Salient to Investors:

For the first time in 13 years, the real, ruble and rupee are weakening the most among developing-nation currencies, while the yuan has depreciated more than in any other period since its 1994 devaluation.

Investors are fleeing the BRICs, after Brazil’s consumer default rate rose to the highest level since 2009, prices for Russian oil exports fell to an 18-month low, India’s budget deficit widened and Chinese home prices slumped.

Lloyd Blankfein said the BRICs are still strong enough to account for 80 percent of growth at Goldman Sachs.

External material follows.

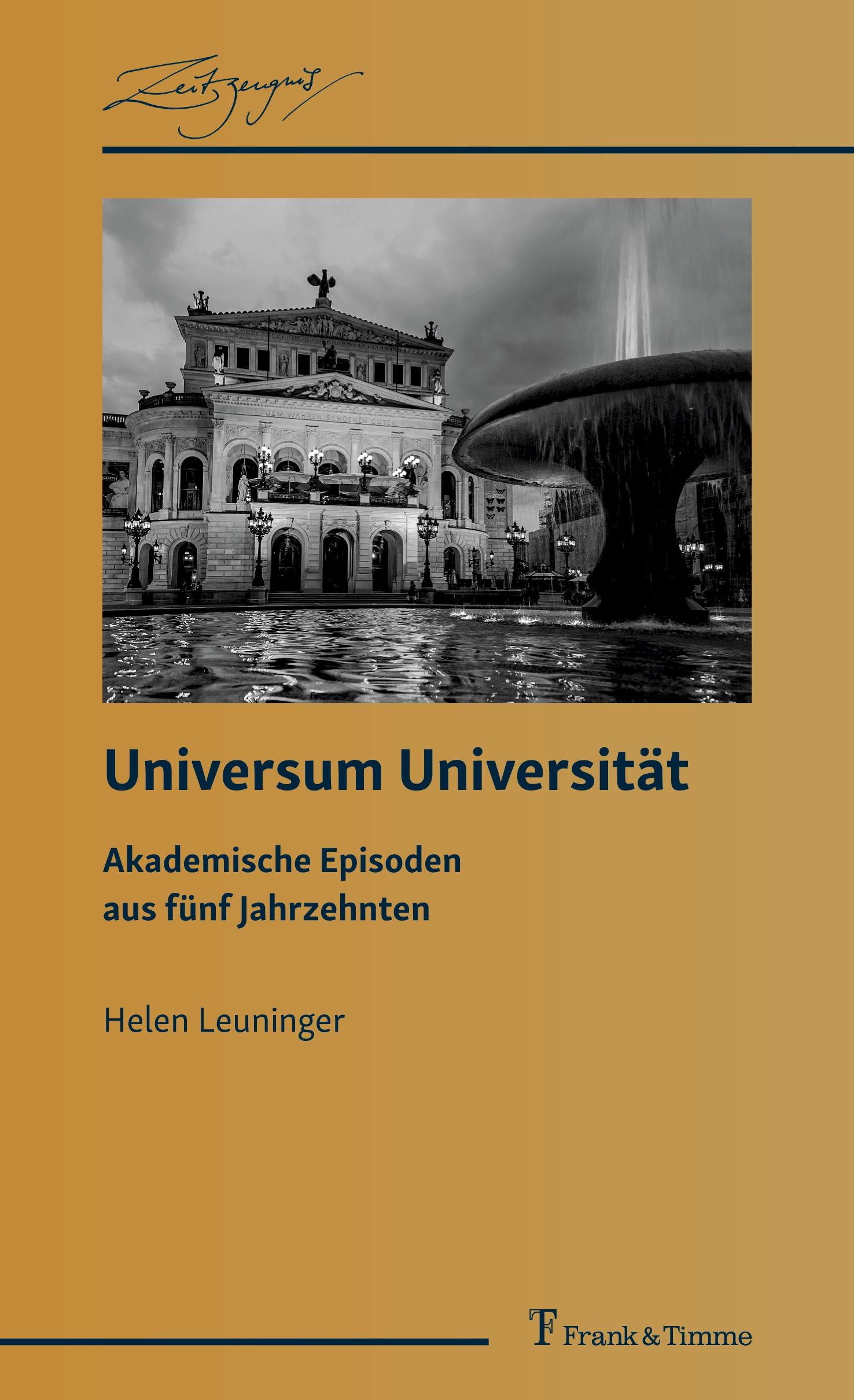 Universum Universität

Warren Hyland at Schroder Investment Management is buying ruble bonds of Russian companies, saying weaker currencies will stimulate economic expansion by making exports more competitive.


Stephen Jen at SLJ Macro Partners is bearish, saying a slowing of the global economy and capital flow will expose many problems in the BRICs. He expects BRI currencies to decline at least 15 percent further by end of 2012.

John Taylor at FX Concepts said all the BRICs looked ugly, and predicted the real and ruble will suffer fairly decent declines later this year as a global recession spurs investors to buy dollars as a haven.

Derivatives traders see no sign of a turnaround.

Option traders are the most bearish on the ruble since October and they expect price swings in the rupee to be the biggest in Asia.

Amit Rajpal at Marshall Wace expects a surge in bad loans in Brazil to weaken the real further, and a full-blown credit problem, resembling the collapse of the U.S. subprime mortgage market in 2007.

Eric Fine at Van Eck Global said investors are still too bullish on assets in the BRICs as Europe’s debt crisis weighs on emerging economies.